One feature of the device disclosed by Leggett is the incorporation of multiple segmented transmitters and receivers. With the use of multiple segmented transmitters and receivers, it is possible to direct acoustic energy in any selected direction and receive acoustic energy from any selected direction.

Using various combinations of the sensors available, the present invention makes it possible to achieve a number of difference objectives. These are discussed in turn.

Objective 1: Reservoir Navigation 2–5 M above Oil-Water Contact

There are two preferred methods of achieving this objective. One method relies on the methodology described in the Wu patent discussed above. A pilot hole is first drilled into the reservoir. The pilot hole is preferably a vertical or near vertical borehole in which resistivity measurements are made with either a MWD device or a wireline or slickline device. Next, it is desired to drill a deviated borehole at a selected depth proximate to the oil-water contact identified in the pilot well. Using the method described by Wu, the second hole includes a resistivity measuring device that makes measurements of resistivity as the borehole is being drilled. Based on the pilot hole measurements, modeling results may be generated for a desired trajectory of the deviated borehole and corrective action is taken to alter the drilling direction based on the MWD resistivity measurements. This method is described adequately in Wu and is not discussed further here. Propagation resistivity measurements may be used for the purpose. It is also to be noted that methods discussed below with reference to OBJECTIVE 2 may also be used.

Objective 2: Reservoir Navigation 6–15 M above Oil-Water Contact

This can be accomplished using the same principles as OBJECTIVE 1. However, to do this, a deeper reading resistivity propagation tool is needed. Alternatively, an induction logging tool may be used and the data interpreted using the method described in Tabarovsky. In the method of Tabarovsky, an induction logging tool is used in an inclined borehole for determining properties of subsurface formations formation away from the borehole. Measurements are made at a plurality of transmitter-receiver (T-R) distances. After correction of the data for skin effects and optionally correcting for eddy currents within the borehole, the shallow measurements (those from short T-R spacing or from high frequency data) are inverted to give a model of the near borehole (invaded zone resistivity and diameter) and the resistivity of the formation outside the invaded zone. Using this model, a prediction is made of the data measured by the mid-level and deep sensors (long T-R spacings). A discrepancy between these predicted values and the actual measurements made by the midlevel and deep sensors is indicative of additional layer boundaries in the proximity of the borehole. One such additional boundary would be the oil-water interface. Based on measurements made with an induction logging tool, the drilling direction is controlled so as to maintain a desired value of resistivity measurements made thereby. It is to be noted that when the method of Tabarovsky is used with a MWD device, skin effect corrections may no be necessary and the induction measurements may be inverted directly to establish a distance to the oil-water contact. Such a deep reading resistivity tool would require relatively long transmitter-receiver distances and would also likely have to operate at relatively low frequencies (˜20 kHz) where the noise levels would be high. Power requirements would also be high.

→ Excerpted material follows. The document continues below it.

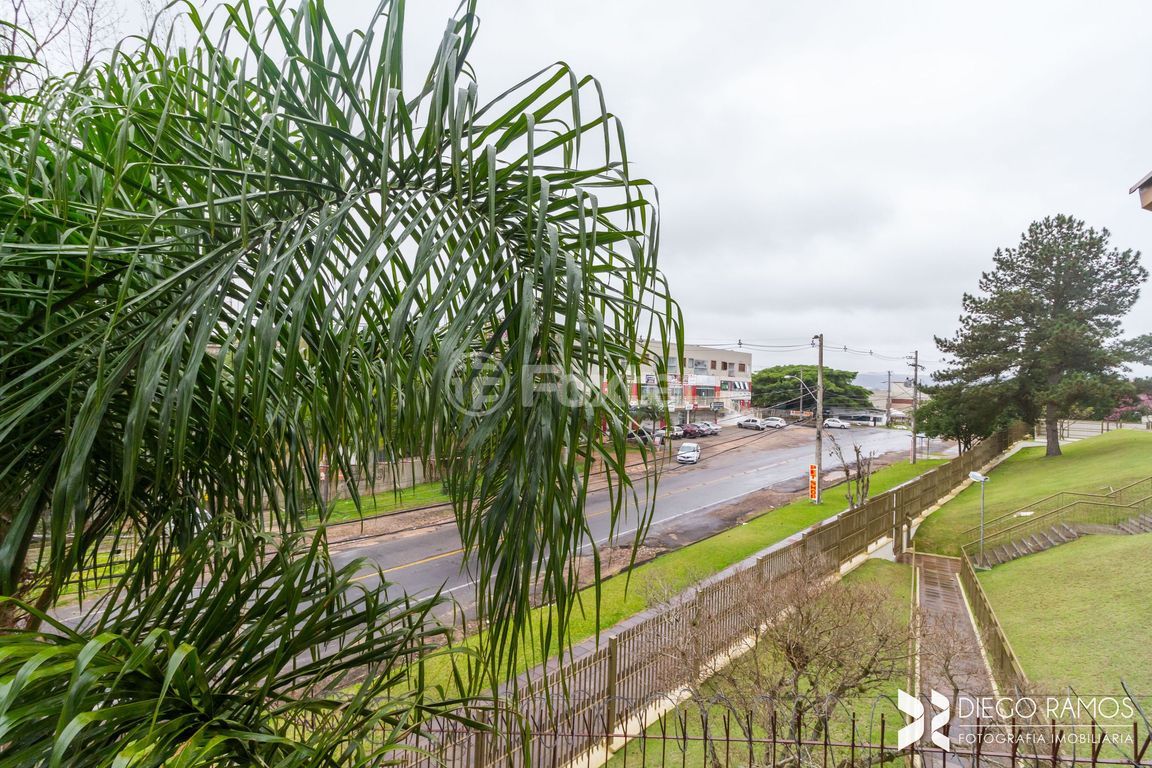 casa sobrado para comprar em da Serraria, 742 - foto 23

An alternate method in the present invention relies on the use of pressure measurements made with a device such as that of Berger et al or Jones et al. The principle behind the method is illustrated in FIG. 4.

Depicted schematically is a borehole 205 with depth indicated by 201. The fluid pressure within the borehole is indicated by the line 211. Also shown in FIG. 4 are a plurality of depths 207 a, 207 b . . . 207 n at which formation pressures are sampled using a device such as that disclosed in Berger or Jones. For illustrative purposes, the formation 221 is shown as comprising a shale 223 a at the top and bottom 223 e with a reservoir interval including a gas zone 223 b, an oil zone 223 c, and a water zone 223 d. Also shown are pressure measurements that would be made by a FPT-WD device of any of the types discussed above. As can be seen, the vertical pressure gradient 211 in the gas zone is less than the pressure gradient 213 in the water zone which, in turn, is less than the pressure gradient in the water zone 215 for reasons related to differences in density of the formation fluid. It should also be clear from FIG. 4 to those versed in the art why pressure measurements within the borehole itself are not indicative of fluid contacts within the formation: the pressure gradient within the borehole is substantially the hydrostatic gradient of a column of fluid above the measuring device.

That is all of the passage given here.